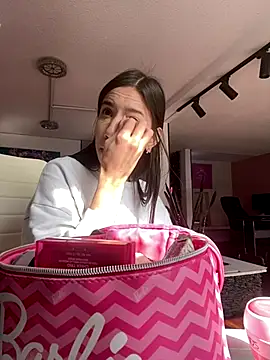 Praga Pink online show from 11-21-25, 01:32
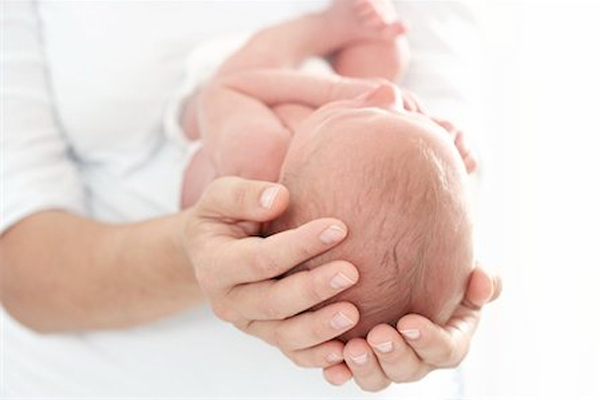 Những biểu hiện lạ này của bé không phải là bệnh, bố mẹ đừng vội cho bé đi bệnh viện-4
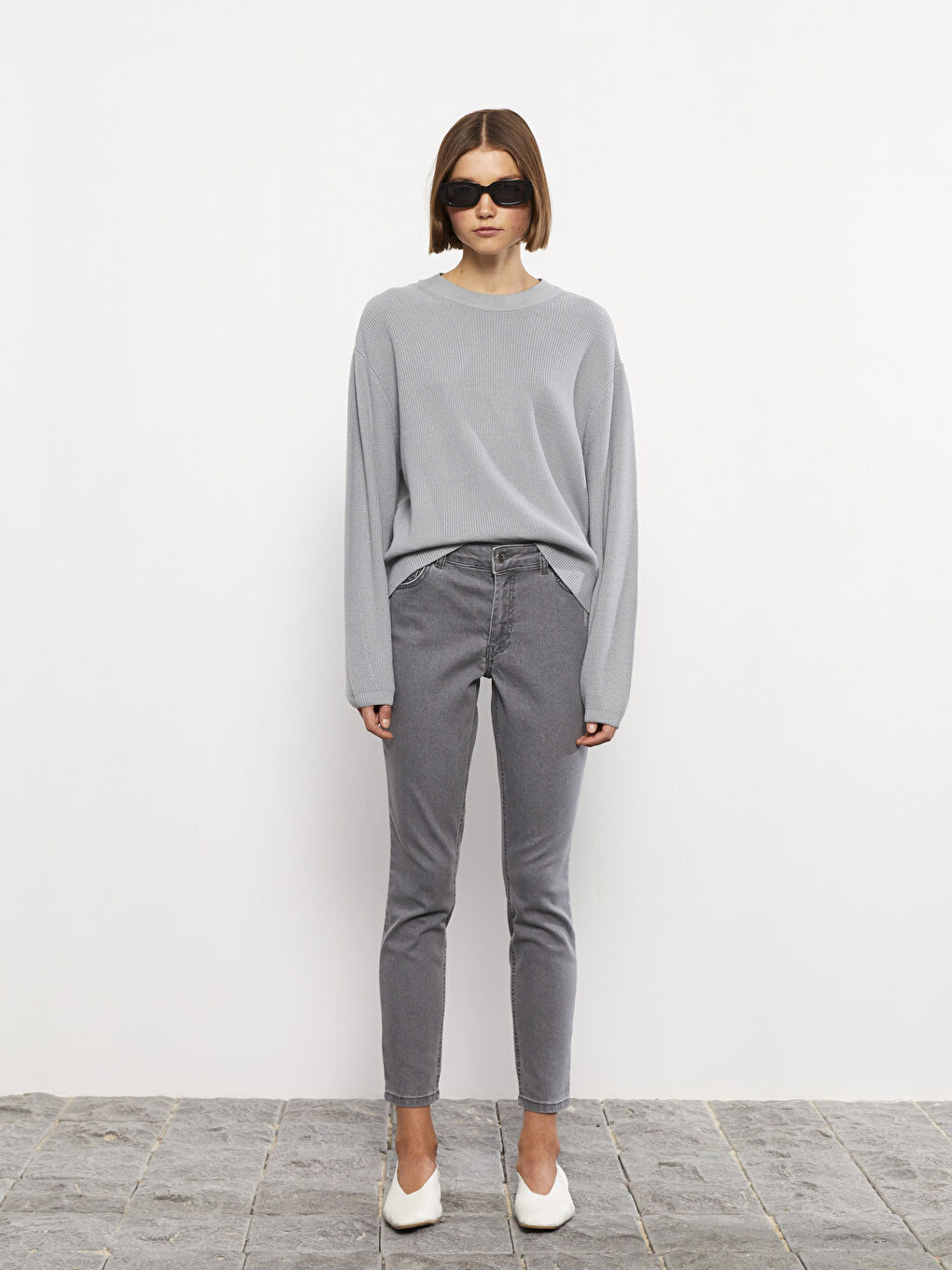 Women's Normal Waist Mercury Skinny Fit Straight Jean Pants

→ What is required:
Restate the whole listing exactly as written, minus the pictures.

→ Answer to the problem:
 Praga Pink online show from 11-21-25, 01:32
 Những biểu hiện lạ này của bé không phải là bệnh, bố mẹ đừng vội cho bé đi bệnh viện-4
 Women's Normal Waist Mercury Skinny Fit Straight Jean Pants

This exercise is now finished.